General characteristics
- Type: Cargo liner
- Tonnage: As built; 13,362 GRT, 7,393 NRT; 1962; 13,619 GRT;
- Length: 531.4 ft (162.0 m)
- Beam: 70.3 ft (21.4 m)
- Draught: 46 ft (14 m)
- Depth: 30 ft 2 in (9.2 m)
- Decks: 8
- Installed power: 15,000 shp (11,000 kW)
- Propulsion: Geared steam turbines; Twin propellers;
- Speed: 18 kn (33 km/h; 21 mph)
- Capacity: As built; 251 1st class; 1962; 350 one class.;

= RMS Parthia =

Passenger cargo liner

RMS Parthia was the second of two all first class transatlantic passenger cargo liners built for the Cunard Line. She later served on the London to Auckland route for the New Zealand Shipping Company under the name Remuera, and still later as a Pacific cruise ship under the name Aramac. She was scrapped in 1969–70.

==History==
Originally conceived as cargo ships for the Cunard Line subsidiary – Brocklebank Line, RMS Parthia and her sister RMS Media were completed as transatlantic passenger cargo ships that served the Cunard Line on its Liverpool to New York route from 1948 until 1961. Smaller and somewhat slower than the great express liners, Parthia acquired a reputation for informal elegance and comfort that made her a favourite with many of the travelling public. Among the celebrities who frequently sailed with the ship or her sister ship , was the film star Katharine Hepburn. As originally constructed the ship had four passenger decks and included all of the normal amenities expected by her 251 all first class passengers, including stylish lounges, a cocktail bar, library, and spacious staterooms. The limited number of passengers also meant more shipboard space for promenading and other activities which in turn contributed to a more relaxed ambiance. Unfortunately, Parthia and Media were poor sea boats and were eventually fitted with Denny-Brown stabilisers, Media in 1952 and Parthia in 1954, the first transatlantic liners to be so fitted.

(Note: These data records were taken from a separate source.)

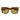 Saint Laurent Occhiali da Sole SL 923 004 Marrone/Marrone Donna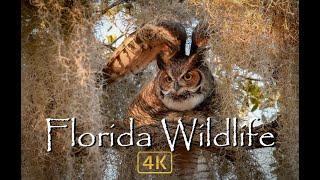 Florida Wildlife in 4k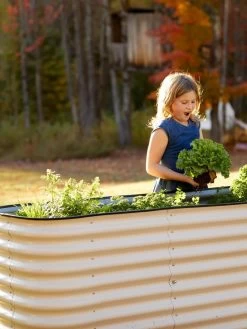 Birdies™ Modular Metal Raised Bed, Tall 10 Birdies™ Modular Metal Raised Bed, Tall -Gardening Sales Store 8610174 5015 tif
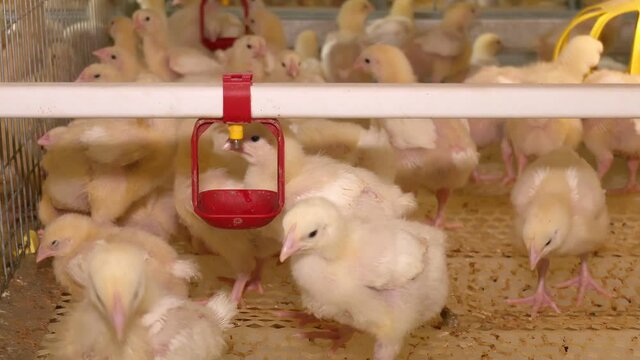 Baby chicken in poultry farm. Group of little chickens in a farm eating. On a modern poultry farm, broilers drink water and take medications for drinking 

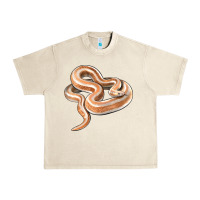 Sandshell Rosy Boa Snake Illustrations Urban Heavy Tee - LillyAllenDesigns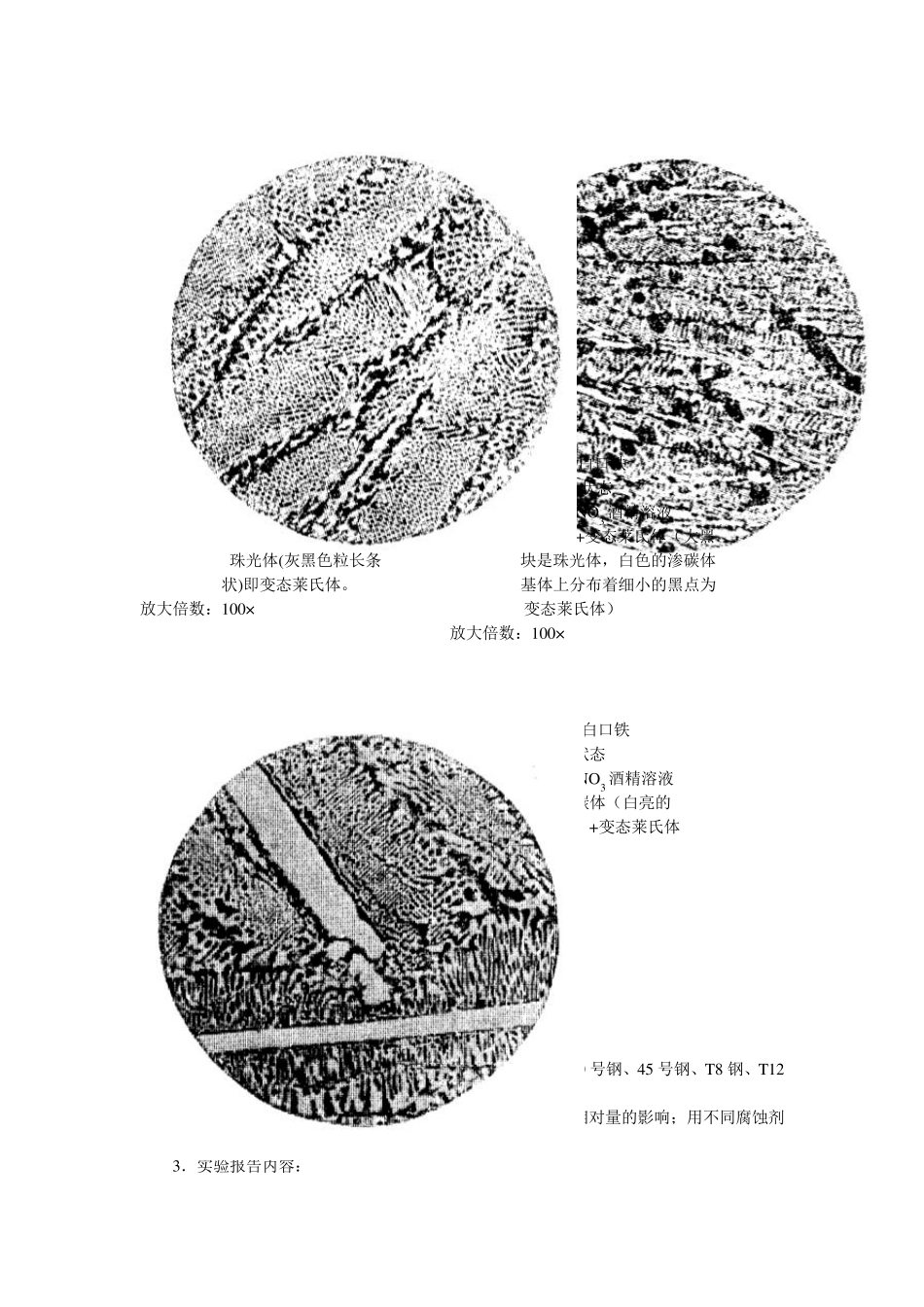 实验一铁碳合金平衡组织观察_第3页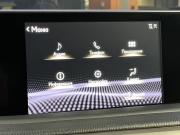 Lexus RX IV Рестайлинг Уфа  - изображение 39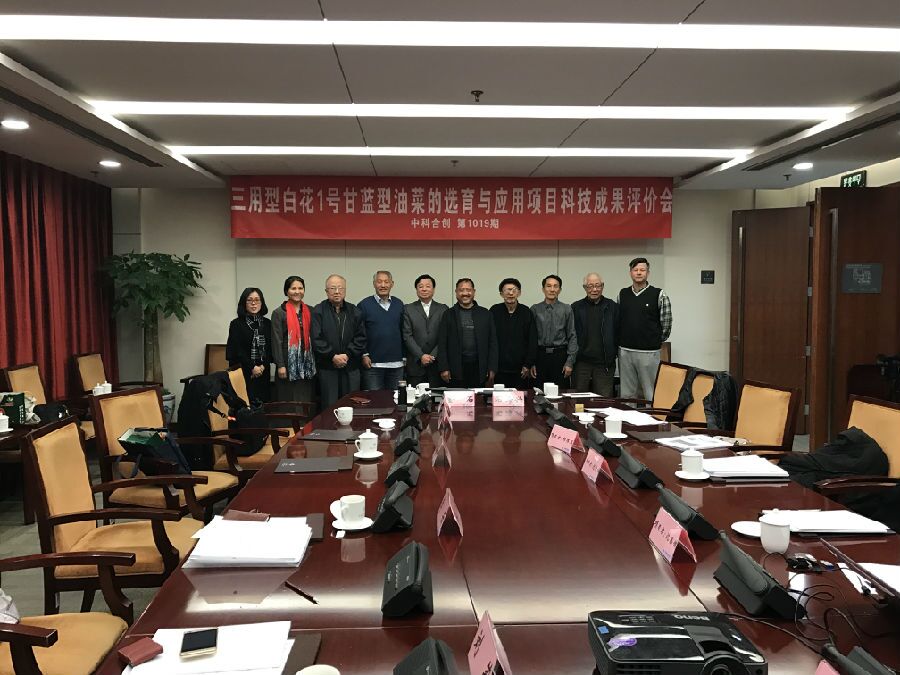 三用型白花1号甘蓝型油菜的选育与应用项目通过科技成果评价.jpg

With the arrival of the 1960s however, commercial jet planes began to dominate the transatlantic passenger trade and steamship companies increasingly found it difficult to compete. On 16 October 1961 Parthia was withdrawn from service after her final arrival at Liverpool. She was purchased for £705,000 by the P&O group, largely it was thought to prevent her falling into the hands of a competitor as had happened to the Media. P&O allocated the ship to its New Zealand Shipping Company subsidiary which employed the ship, renamed SS Remuera, on the London to Auckland New Zealand route. The ship was refitted at the Alexander Stephen shipyard on the Clyde as a one class ship for 350 passengers, replacing the 33-year-old Rangitiki and Rangitata. Again however, the ship was a financial millstone to her owners, being a steamship in a fleet of motor ships. In 1964 P&O transferred her to another subsidiary, the Eastern and Australian Steamship Company. Renamed Aramac the ship was converted for cruising and served in this capacity until 1969 when she was definitively withdrawn from service and sold for scrap. She arrived in Kaohsiung on 22 November 1969 and was fully scrapped by the end of 1970.